I, for one, will offer any assistance I can provide to occupy Nama. To give back to the people the property that belongs to them.
That they have paid for through bailouts and subsidies.

No people without houses, no houses without people

For an excellent account by Mick O Broin of why Nama needs to be invaded, occupied and put to our use check here

Wednesday, March 28, 2012

The Mahon report on the best little country in the world to do business in.

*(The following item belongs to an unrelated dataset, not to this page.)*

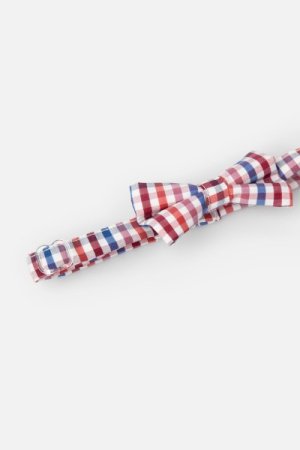 COCCODRILLO tauriņš ELEGANT JUNIOR BOY, multicoloured, ZC3371202EJB-022   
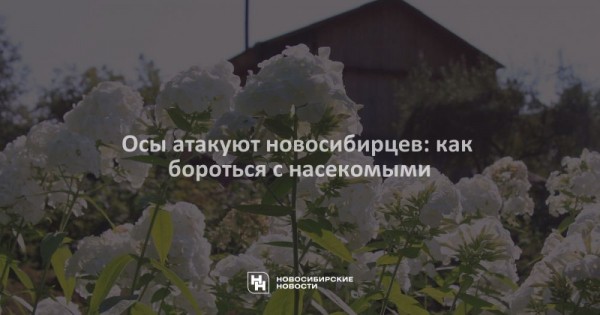 Осы атакуют новосибирцев: как бороться с насекомыми Осы атакуют новосибирцев: как бороться с насекомыми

Don’t you just love Fine Gael!
Nice neat young fellas.
All with the big auctioneer heads on them out there scrambling for the moral high in the post Mahon political landscape.
All that pontificating about the sanctity of the Taoiseach's office. And how the sanctity has been violated.
Yabba, yabba, yabba.
It’s all whistling in the wind when Bill Clinton’s plane providing buddy Denis O Brien is still there standing side by side with the leader of the “best little country in the world.”
There’s Denis in the New York Stock Exchange with our Taoiseach.
Dame Enda Average, all decked out in his Sunday best, fawning over the DOB as he tells the American corporate giants that Ireland is, as we all know, “the best little place in the world to do business.”
We are more than a just, fair, prosperous country, we’re the best. The best. Honestly. Seriously. Maybe. Please. That's our leader. Out there leading. The taoiseach’s office talking. But those images of Enda and Denis from the New York Stock Exchange seem to suggest that it is more orifice than office. That in fact, we’re the best little whorehouse in Europe. Cute hoors? We’re more than cute. hoors. And there's nothing imaginable that you cannot buy from us. If it is on the net, it's in our repetoire.
And if you're after something a little more risque, we do a great sideline in raping hope.

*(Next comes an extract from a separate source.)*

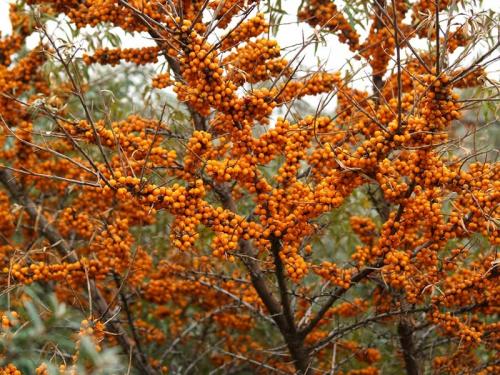 Груша совместимость с другими деревьями и кустами. Умный сад: совместимость плодовых деревьев 15 Груша совместимость с другими деревьями и кустами. Умный сад: совместимость плодовых деревьев 15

As Fine Gael try to seduce you into compliant indignation with their soporific platitudes and pointy fingered moral certainty, there are some good off script moments going down.
Flashes of real anger flicker on the edges of the TV screen.
A harbinger of revolt. An amuse bouche of anarchy.
Joe Higgins' body language the other night on Frontline screamed he, like many in the audience, was ready to leap up and break jaws.
But just when the anger gets to you big time and you've accepted your TV set as collateral damage, what happens? Some surreal wide eyed Father Ted-esque Fianna Fail mutant goes for goofy evasive tactics. These shameless Fainna Fail grunts stare straight to camera and sound off, so insane, so audacious, so smug in their perceived immunity to consequence, that it deflates you, neutralizes your anger. Altar boy relentless, they stupefy before flooring you.
You go "hang on a second, what am I doing floored, you're the FF low life, you're the one supposed to be burning at the stake."
But they go on and on to the second coming of CJ. But the Father Ted opt outs, the surreal "resting in the bank" logic, are getting old.
It's only going to work for so long.
What may have been frustratingly funny in the 90s is now downright revolution inducing offensive in the 10s.
One can only wait to see how that cute hoor visage hiding behind doe-eyed innocence will look when it hears the first sounds of the baying lynch mob.

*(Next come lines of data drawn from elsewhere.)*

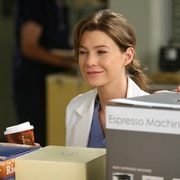 [爱情] 实习医生格蕾  第四季 Grey's Anatomy Season 4  [艾伦·旁派/吴珊卓][蓝光/高清1080p/4K下载]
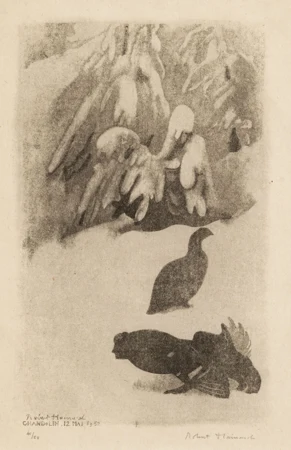 Petit coq et poules à l'aube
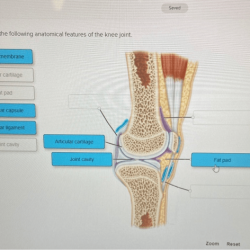 Label synovial following correctly anatomical uiz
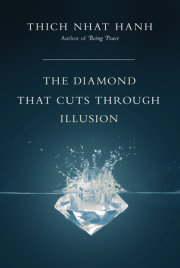 The Diamond That Cuts Through Illusion 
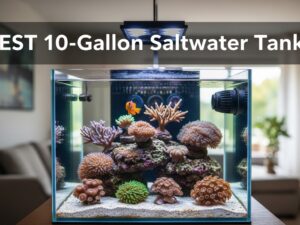 Best 10 Gallon Saltwater Tanks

Anyone got a rope? Time for a bit of hemp around rednecks.

Deflated, you go to bed mumbling like an old man, wondering aloud 'what to do?' How do you let these comedians know that the script has changed. That that dangling item over there may be loose but it's still a noose
But try telling that to Fianna Fail. You'd almost be tempted to add a little Semtex to the mix.
Until ... picture the low life political thespians just loving it...'absolutely thrilled" to get their hands on a good piety and victimhood role. If the FFilth can go this far on shame and ignominy, could you just imagine what the rapacious scum would do with piety and victimhood. It would be like the 70s again. Except the Brits are now, probably, a breakaway and militant libertarian wing of the PDs.
 So we can't seem to vote them out of existence.
 And it's probably counter productive to try to blow them out of existence.
So what do we f--kin do?
 If, as the Irish Times oh so erudite opinion pieces tell us, FF really are a deep part of ourselves, then folks perhaps it's time to seriously contemplate suicide.
Then when we wake up dead we can think what to do with the other foul crew.
And that embarassing little shite Enda Kenny.